Hepatik kistler safra kesesi ile karıştırılabilir. Hepatik kistler daha keskin sınırlara sahiptir. İnternal ekoları yoktur ve artmış posterior akustik belirginleşmeleri vardır.
Hatırlatma ve Tuzaklar
Bazı son hatırlatma ve tuzaklar şunlardır:
- Safra kesesi hareketli bir organdır; hasta ve/veya probun pozisyonunu değiştirmeyi unutmayın.
- Tüm organı hem longitudinal hem de transvers planlarda tarayarak safra taşlarını polip ve septasyon veya katlantılarda ayırın.
- Biliyer muayene esnasında damarsal yapılarla damarsal olmayan yapıları ayırt etmek için renkli Doppler kullanın.
- Ultrasonografi bulguları klinikle örtüştürülmelidir; akut kolesistit düşündüren bulgular (ör. safra taşı veya kalınlaşmış duvar) hasta olmayan kişilerde de görülebilir.

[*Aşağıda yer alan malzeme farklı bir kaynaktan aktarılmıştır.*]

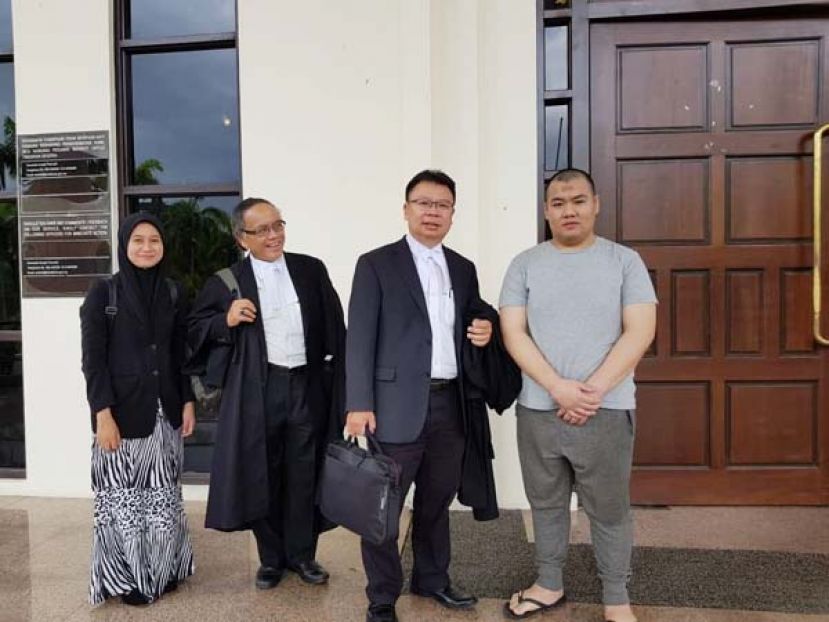 图示：因智商有缺陷而逃过死劫的查基哈兹(右)和辩护律师陈文达(右二)奥斯曼(右三)影于庭外。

- Yaşlılarda veya kolesistektomi olmuş hastalarda patoloji yokluğunda da ana safra kanalı genişlemiş olabilir.
- Safra kesesinin anterior duvarını ölçün. Akustik artma veya barsak gazı kaynaklı artefakt nedeniyle posterior duvarı yapay olarak daha kalın görülebilir.
Sonuç
Akut kolesistitin tespiti amacıyla yatak başı biliyer ultrasonografi acil hekimlerince başarı ile uygulanabilir. Yatak başı ultrasonografi her zaman klinik hikaye doğrultusunda kullanılmalıdır.
Çevirenin Notu
Hepatobiliyer ultrasonografi hepimizin iyi bildiği ve uyguladığı temel ultrasonografi becerilerindendir. ACEP’in bu kılavuzu ile yakından tanıdığımız bu konuyu bir kez daha hatırlamış olduk.
Yazıda geçen 10×5 cm boyutlar safra kesesi için patolojiktir. Bir cümlede sanki bu boyutlar normalmiş gibi algılanabilecek bir ifade kullanılmış fakat 10×5 cm boyutları safra kesesinde hidrops olduğunu gösterir.
Not: Yazı ve resimler ACEP’in yayınladığı Yatakbaşı Biliyer Ultrasonografi yazısının çevirisidir.